Computing Valid p-value for Optimal Changepoint by Selective Inference using Dynamic Programming

Part of Advances in Neural Information Processing Systems 33 (NeurIPS 2020)

AuthorFeedback Bibtex MetaReview Paper Review Supplemental

Authors

Vo Nguyen Le Duy, Hiroki Toda, Ryota Sugiyama, Ichiro Takeuchi

Abstract

Although there is a vast body of literature related to methods for detecting change-points (CPs), less attention has been paid to assessing the statistical reliability of the detected CPs. In this paper, we introduce a novel method to perform statistical inference on the significance of the CPs, estimated by a Dynamic Programming (DP)-based optimal CP detection algorithm.

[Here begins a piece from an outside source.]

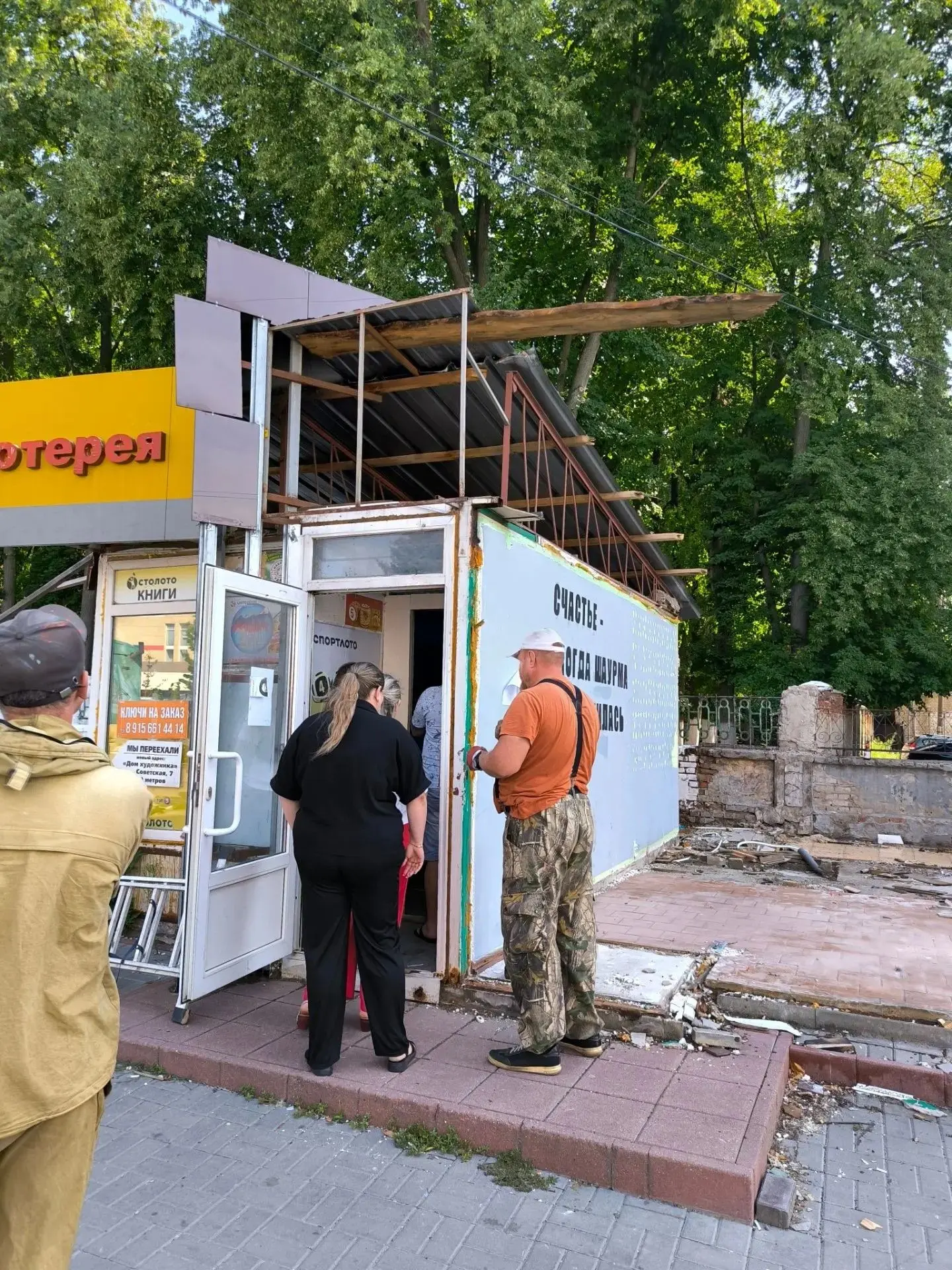 🏪 Городские службы провели принудительный демонтаж нестационарного торгового объекта на Советской,1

Our main idea is to employ a Selective Inference (SI) approach---a new statistical inference framework that has recently received a lot of attention---to compute exact (non-asymptotic) valid p-values for the detected optimal CPs. Although it is well-known that SI has low statistical power because of over-conditioning, we address this drawback by introducing a novel method called parametric DP, which enables SI to be conducted with the minimum amount of conditioning, leading to high statistical power. We conduct experiments on both synthetic and real-world datasets, through which we offer evidence that our proposed method is more powerful than existing methods, has decent performance in terms of computational efficiency, and provides good results in many practical applications.